DATA FOR ANALYSIS:
Start of Block

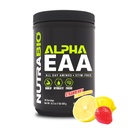 NutraBio Alpha EAA - All-Day Amino Acids לצמיחת שרירים ושיקום - Amino Acids חיוני עם nootropics & Fitogens- Full Spectrum EAA BCAA אבקת - 30 משרתים - Strawberry לימון לימון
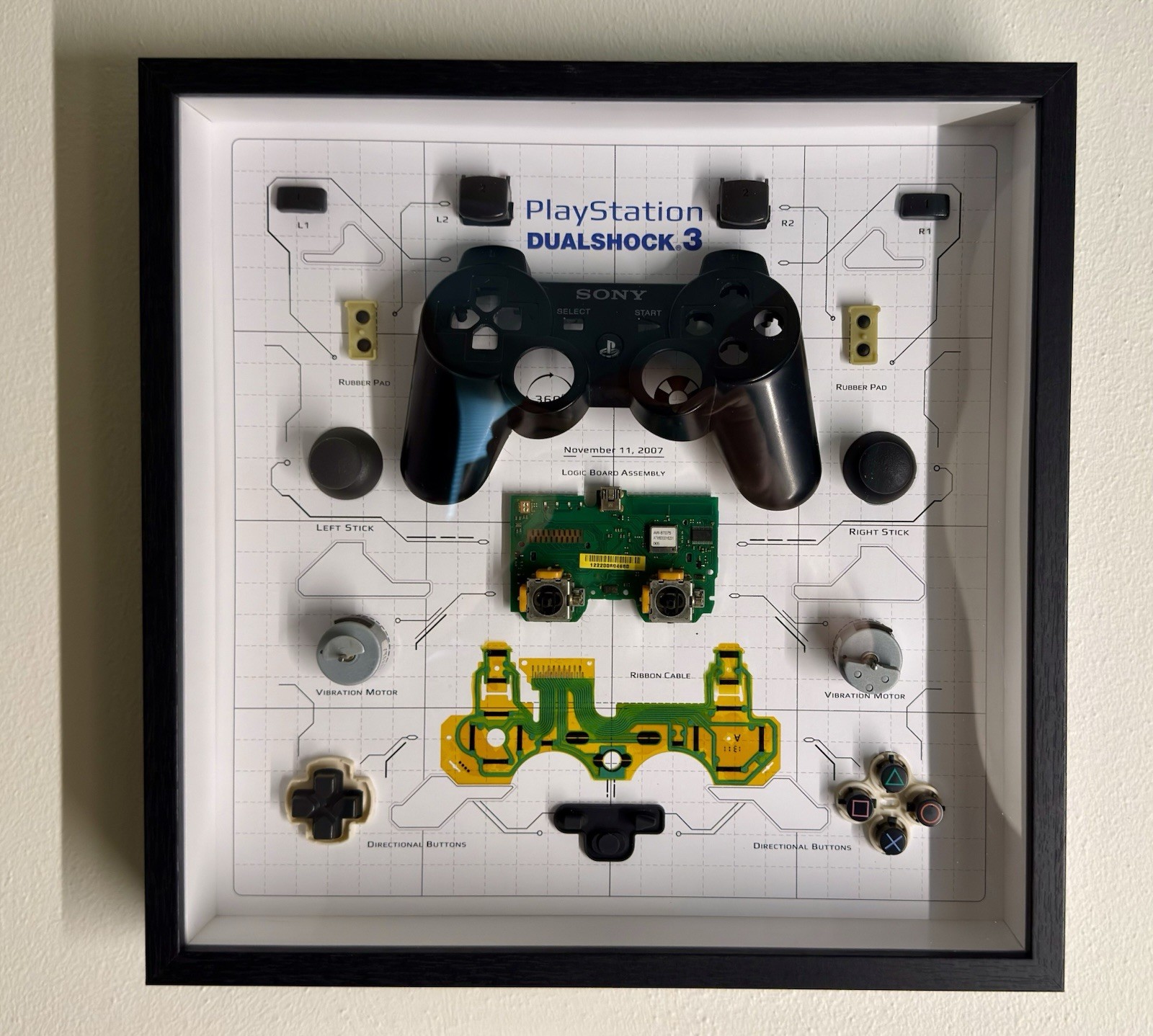 PlayStation 3 PS3 Disassembled Controller Shadow Box Artwork
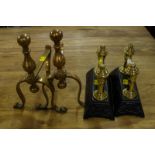PAIR OF CAST BRASS FIRE DOGS + PAIR OF BRASS DOGS
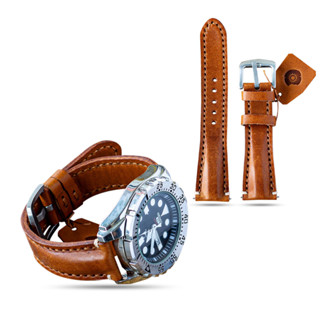 สายนาฬิกา สายหนังแท้ งานแฮนด์เมด แบบสายเรียว-หลังนูน Leather taper watch bands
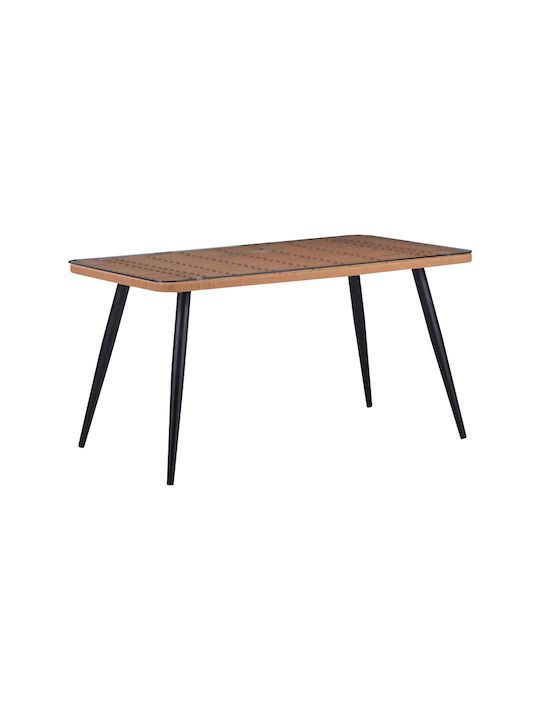 Masa Masa de lounge pentru spații exterioare Rattan cu suprafață din sticlă Naoki Natural 140x80x78buc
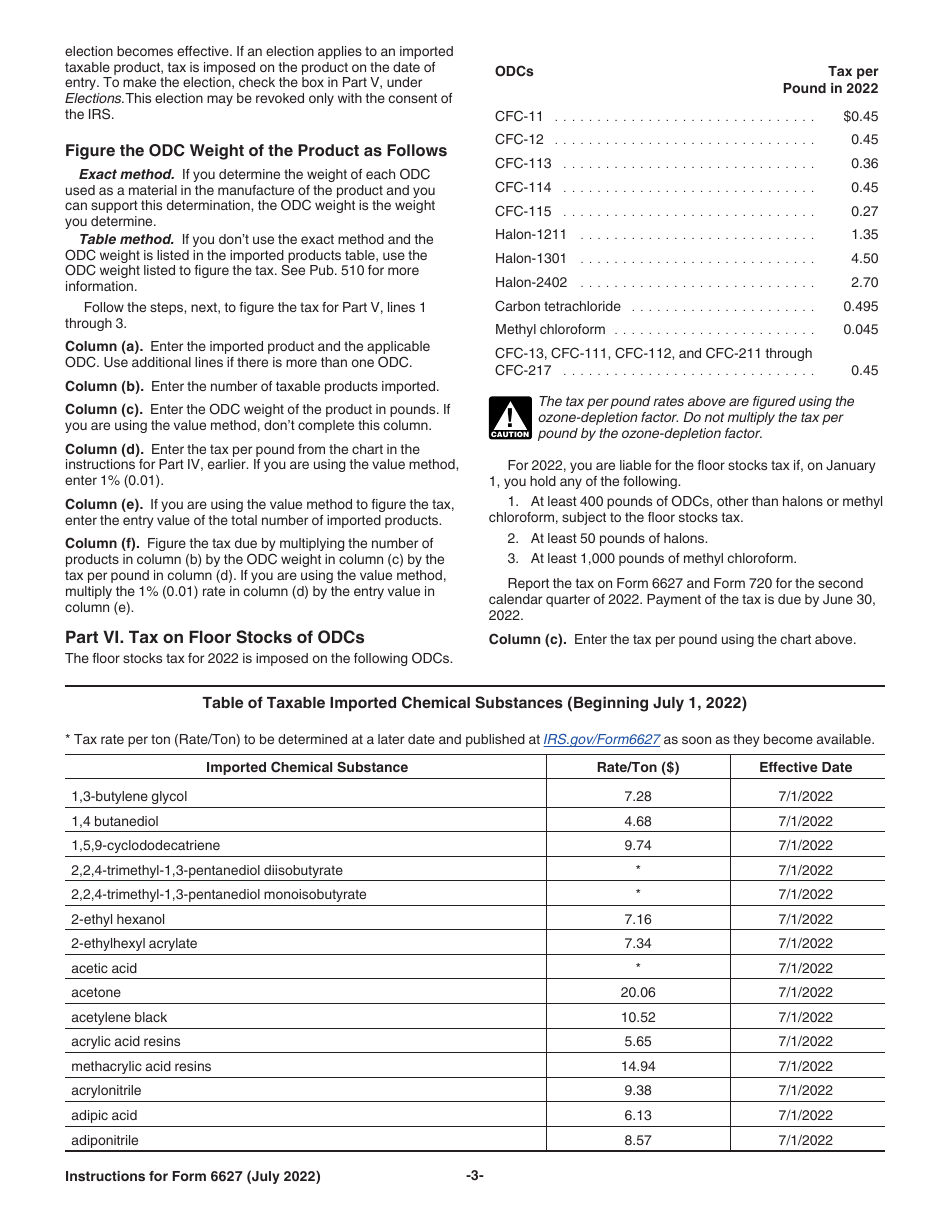 Instructions for IRS Form 6627 Environmental Taxes, Page 3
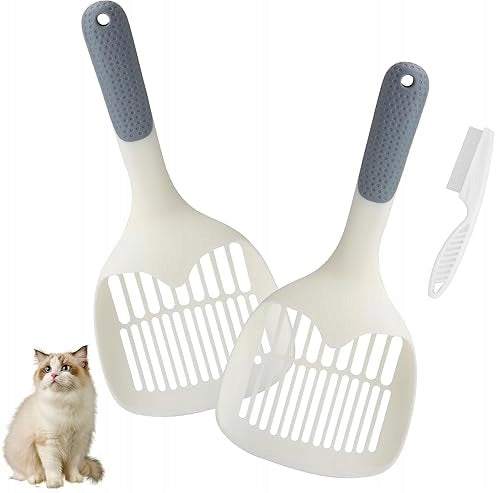 CAT LITTER BOX SHOVEL ERGONOMIC WITH FLEA COMB SET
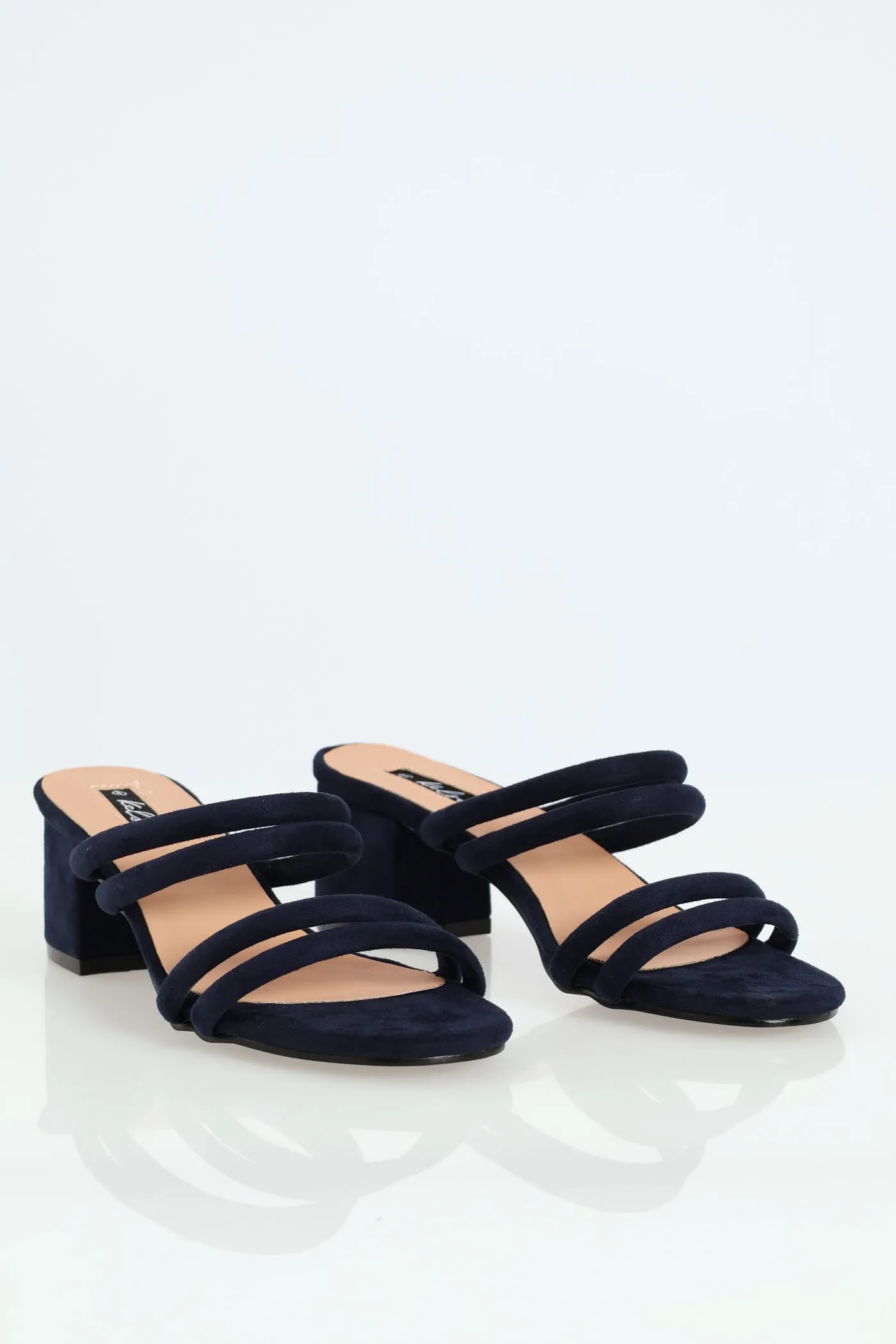 Multi Strap Block Kitten Mule Heel - Navy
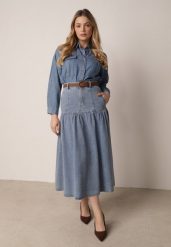 Niebieska Bawełniana Spódnica Jeansowa z Rozkloszowanym Dołem i Plecionym Paskiem Doriame. Niebieskie spódnice Born2be, do pracy, l, bez wzorów, z bawełny, biznesowe, midi, dopasowane. Za 189.99 zł.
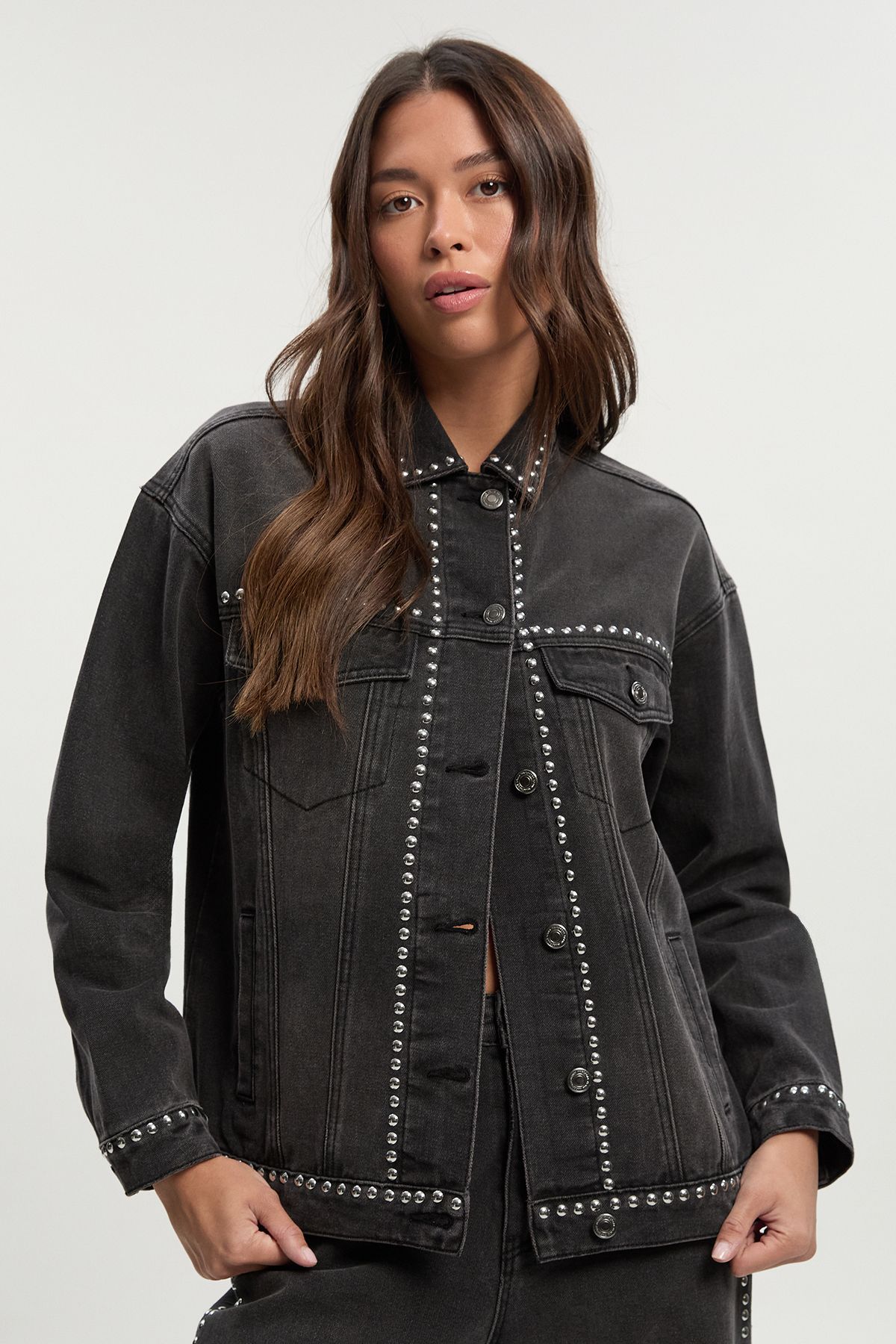 Studded Oversized Denim Jacket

End of Block

ACTIVITY:
When you return the records, keep every word unchanged and drop the pictures.

WORKED SOLUTION:
 NutraBio Alpha EAA - All-Day Amino Acids לצמיחת שרירים ושיקום - Amino Acids חיוני עם nootropics & Fitogens- Full Spectrum EAA BCAA אבקת - 30 משרתים - Strawberry לימון לימון
 PlayStation 3 PS3 Disassembled Controller Shadow Box Artwork
PAIR OF CAST BRASS FIRE DOGS + PAIR OF BRASS DOGS
 สายนาฬิกา สายหนังแท้ งานแฮนด์เมด แบบสายเรียว-หลังนูน Leather taper watch bands
 Masa Masa de lounge pentru spații exterioare Rattan cu suprafață din sticlă Naoki Natural 140x80x78buc
 Instructions for IRS Form 6627 Environmental Taxes, Page 3
 CAT LITTER BOX SHOVEL ERGONOMIC WITH FLEA COMB SET
 Multi Strap Block Kitten Mule Heel - Navy
 Niebieska Bawełniana Spódnica Jeansowa z Rozkloszowanym Dołem i Plecionym Paskiem Doriame. Niebieskie spódnice Born2be, do pracy, l, bez wzorów, z bawełny, biznesowe, midi, dopasowane. Za 189.99 zł.
 Studded Oversized Denim Jacket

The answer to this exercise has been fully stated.